WASHINGTON, D.C. — April 24, 2017 — Many American cities are undergoing the process of gentrification. This is not a new phenomenon and Washington, D.C., is not a stranger to it. A new book by Derek Hyra, associate professor at American University’s School of Public Affairs and the director of AU’s Metropolitan Policy Center, unravels the complex forces driving the process of gentrification in the nation’s capital. Entitled Race, Class, and Politics in the Cappuccino City, thebook examines D.C.’s rapidly changing economic landscape through the prism of the revitalization of the city’s historic Shaw/U Street neighborhood.
America is witnessing the emergence of what Hyra calls “cappuccino cities.” A cappuccino has essentially the same ingredients as a cup of coffee with milk, but is considered upscale and is double the price.
Race, Class, and Politics in the Cappuccino City is an in-depth ethnographic analysis of a D.C. neighborhood that has become almost unrecognizable to its older long-time residents in part because of an influx of young, white, and relatively wealthy professionals. Hyra witnesses the upheaval, conflict, and micro-segregation as this black inner-city neighborhood becomes racially “lighter” and more expensive.

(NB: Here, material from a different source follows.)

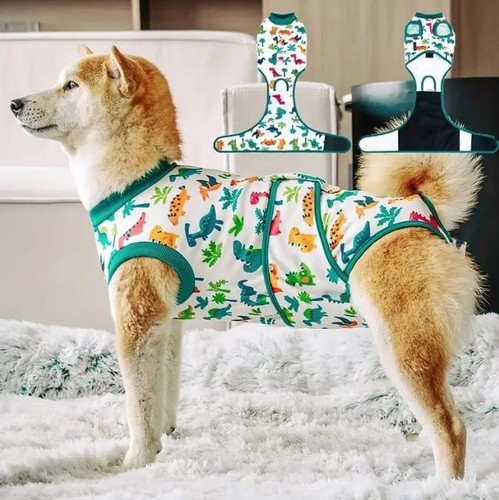 Hundebody body leck - op,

Hyra also suggests that building social bridges between newcomers and long-term residents through developing neutral “third spaces” where residents have meaningful interactions across race and class, could help to reduce the tensions and inequalities associated with gentrification. Hyra insists that more equitable, inclusive, and integrated neighborhood redevelopment will only occur in places like Shaw/U Street through policy actions that help grease the wheels of micro-level social interactions.
“Race, Class, and Politics in the Cappuccino City forces us to rethink long-standing preconceptions about gentrification, the ghetto, and the American city in the twenty-first century,” said Lance Freeman, Columbia University Professor and author of There Goes the ‘Hood: Views of Gentrification from the Ground Up. “Hyra’s book shows that the causes of gentrification are more varied than we imagined and the impacts on long-term residents are more wide-reaching than previously thought.”